By Diane Kittower. Sometimes a merchandising idea seems like a good one, but it just doesn't work out. For example, design director Karen Richardson at Kathy Andrews Interiors, who works with David Weekley Homes, vividly remembers a beautiful star-burst tile inset that took nine months to get. That made it impractical to duplicate, Richardson notes, and thus not something to show to buyers despite its attractiveness. U.S. Home's Brian Hutt had a similar experience with a spectacular black chandelier shown in a model home. It didn't come from one of the builder's regular suppliers, the design studio director explains, so U.S. Home couldn't offer it as an option, frustrating buyers who wanted the upgrade.
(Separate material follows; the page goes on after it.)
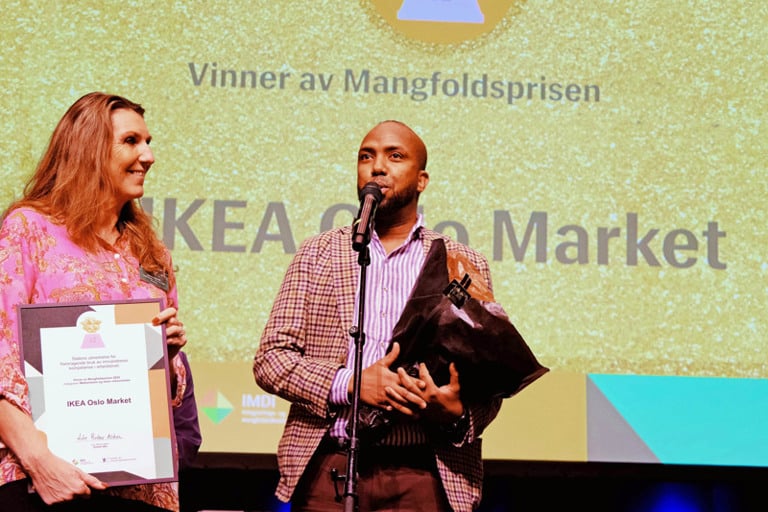 En mann som står ved siden av en kvinne på en scene.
Another potential problem is taking advice from partners whose top priority might be something other than effective merchandising. Some contractors push for products from whichever vendor offers them the most aggressive builder program. While that benefits the contractor, it may not be the wisest move for the builder.
The biggest turnoff, though, says Hutt, is for home buyers to find out something they thought was included in the sale price is an option that would cost extra. "It's very important as a builder to be up front about what's included and what's not."
Chicago designer Mary Cook, president of Mary Cook & Associates, had that lesson demonstrated in an upper-end development in New Jersey. Her firm did lots of crown moldings and trim as options for the homes. So many buyers couldn't believe that the molding wasn't included that the builder decided to raise the price of the homes by $10,000 and make the former option standard. Buyers seemed unfazed by the price increase, Cook says, and the builder no longer had to debate.
Diane Kittower is based in Rockville, Md.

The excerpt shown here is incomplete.